Me pirra Julio Camba. En estos días en los que el pan nuestro de cada día pasa por permanecer en nuestros domicilios son más necesarias que nunca dos cosas: el humor y el evadirse viajando. Viajar mentalmente, se entiende. En mi auxilio viene Julio Camba, aquel escritor gallego del que Francisco Fuster en el prólogo dice que ya nadie se acuerda. No todos. En estos devaneos librescos recurro con frecuencia a exhumar a Camba.

La editorial riojana Pepitas de Calabaza publicó Mis mejores páginas. En Fórcola leí Caricaturas y relatos y Crónicas de un viaje, impresiones de un corresponsal español. Digo esto porque la lectura de Playas, Ciudades y Montañas, editado por Reino de Cordelia es en parte una relectura, dado que algunas de estas crónicas ya las había leído en los citados libros.
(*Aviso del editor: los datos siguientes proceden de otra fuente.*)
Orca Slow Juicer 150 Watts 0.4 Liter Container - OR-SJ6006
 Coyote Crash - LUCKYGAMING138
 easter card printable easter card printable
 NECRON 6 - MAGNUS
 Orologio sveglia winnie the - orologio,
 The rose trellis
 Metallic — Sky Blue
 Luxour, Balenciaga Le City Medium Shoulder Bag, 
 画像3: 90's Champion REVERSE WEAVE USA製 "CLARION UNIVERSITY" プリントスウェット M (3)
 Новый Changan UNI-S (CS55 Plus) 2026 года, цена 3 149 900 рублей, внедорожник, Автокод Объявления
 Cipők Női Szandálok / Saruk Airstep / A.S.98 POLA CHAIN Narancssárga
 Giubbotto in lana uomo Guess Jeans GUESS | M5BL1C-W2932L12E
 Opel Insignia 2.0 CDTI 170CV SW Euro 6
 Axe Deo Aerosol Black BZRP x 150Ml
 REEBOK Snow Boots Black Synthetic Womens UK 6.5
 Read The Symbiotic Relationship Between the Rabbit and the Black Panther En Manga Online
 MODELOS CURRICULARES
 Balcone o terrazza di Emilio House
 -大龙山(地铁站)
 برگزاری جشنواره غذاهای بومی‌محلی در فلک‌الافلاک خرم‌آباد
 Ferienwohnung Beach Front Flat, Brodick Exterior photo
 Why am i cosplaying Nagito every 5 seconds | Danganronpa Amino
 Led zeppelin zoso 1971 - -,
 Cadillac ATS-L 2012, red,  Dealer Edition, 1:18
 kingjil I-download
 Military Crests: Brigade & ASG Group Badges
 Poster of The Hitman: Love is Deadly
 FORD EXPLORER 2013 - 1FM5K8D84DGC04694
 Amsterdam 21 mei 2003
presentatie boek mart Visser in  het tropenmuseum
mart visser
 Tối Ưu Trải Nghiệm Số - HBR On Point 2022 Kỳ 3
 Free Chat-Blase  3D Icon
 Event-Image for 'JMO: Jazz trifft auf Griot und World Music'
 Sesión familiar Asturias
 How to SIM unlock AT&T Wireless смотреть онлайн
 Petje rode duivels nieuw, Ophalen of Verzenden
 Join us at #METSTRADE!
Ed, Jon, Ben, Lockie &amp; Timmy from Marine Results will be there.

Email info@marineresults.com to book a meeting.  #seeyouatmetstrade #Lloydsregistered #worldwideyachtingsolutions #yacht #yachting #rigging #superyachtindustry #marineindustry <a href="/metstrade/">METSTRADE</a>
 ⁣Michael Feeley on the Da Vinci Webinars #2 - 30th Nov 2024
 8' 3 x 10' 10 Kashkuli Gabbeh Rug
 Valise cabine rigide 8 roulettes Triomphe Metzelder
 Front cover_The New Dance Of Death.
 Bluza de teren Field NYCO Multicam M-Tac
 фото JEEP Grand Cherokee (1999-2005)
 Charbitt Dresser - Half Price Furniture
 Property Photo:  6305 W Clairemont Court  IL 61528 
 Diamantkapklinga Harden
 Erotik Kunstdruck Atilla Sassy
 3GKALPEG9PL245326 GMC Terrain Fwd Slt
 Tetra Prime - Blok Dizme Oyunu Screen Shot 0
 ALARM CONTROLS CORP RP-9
Julio CambaCamba escribió estas crónicas hace algo más de un siglo, y aunque no han perdido frescura muchas cosas sí han cambiado, como esos recorridos en diligencias que se hacían interminables y que le sirven al autor para hacer un panegírico, no de las Ventajas orejudas de viajar en tren, sino de dichas diligencias de trote cochinero, ante la llegada de los automóviles, que supondrá un aprendizaje tanto para conductores como para los peatones que deambularán desde entonces por los caminos bastante menos despreocupados.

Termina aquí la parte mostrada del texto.